*** Provided material ***

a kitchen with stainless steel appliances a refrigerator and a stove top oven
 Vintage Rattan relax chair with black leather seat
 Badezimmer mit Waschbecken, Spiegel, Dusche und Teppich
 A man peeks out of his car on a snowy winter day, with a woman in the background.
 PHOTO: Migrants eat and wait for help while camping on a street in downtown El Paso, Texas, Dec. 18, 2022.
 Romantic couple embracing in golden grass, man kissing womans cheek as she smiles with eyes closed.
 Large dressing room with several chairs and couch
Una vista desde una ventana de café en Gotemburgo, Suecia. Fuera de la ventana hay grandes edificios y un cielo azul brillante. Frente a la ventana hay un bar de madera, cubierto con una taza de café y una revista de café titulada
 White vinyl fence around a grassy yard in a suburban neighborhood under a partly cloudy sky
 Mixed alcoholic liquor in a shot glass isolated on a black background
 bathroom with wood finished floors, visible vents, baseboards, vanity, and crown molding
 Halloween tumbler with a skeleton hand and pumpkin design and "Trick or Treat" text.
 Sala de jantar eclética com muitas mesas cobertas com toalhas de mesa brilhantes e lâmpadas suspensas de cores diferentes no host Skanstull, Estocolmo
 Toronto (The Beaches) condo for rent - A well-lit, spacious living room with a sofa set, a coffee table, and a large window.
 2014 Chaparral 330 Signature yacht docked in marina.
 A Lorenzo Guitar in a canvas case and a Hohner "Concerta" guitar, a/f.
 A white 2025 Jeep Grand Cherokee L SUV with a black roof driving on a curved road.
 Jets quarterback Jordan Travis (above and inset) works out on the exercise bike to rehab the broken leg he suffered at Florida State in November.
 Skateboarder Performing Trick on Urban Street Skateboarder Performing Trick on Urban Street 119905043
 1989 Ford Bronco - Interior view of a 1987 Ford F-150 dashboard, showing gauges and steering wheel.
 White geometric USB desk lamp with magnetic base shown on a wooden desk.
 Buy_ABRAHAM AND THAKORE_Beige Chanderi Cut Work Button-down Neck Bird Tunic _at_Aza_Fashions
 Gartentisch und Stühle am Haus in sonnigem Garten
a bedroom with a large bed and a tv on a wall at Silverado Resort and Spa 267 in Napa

*** End of Provided material ***

--- About this task ---
Find "background" in the preceding records. Copy each line that holds it.

--- Your response ---
 A man peeks out of his car on a snowy winter day, with a woman in the background.
 Mixed alcoholic liquor in a shot glass isolated on a black background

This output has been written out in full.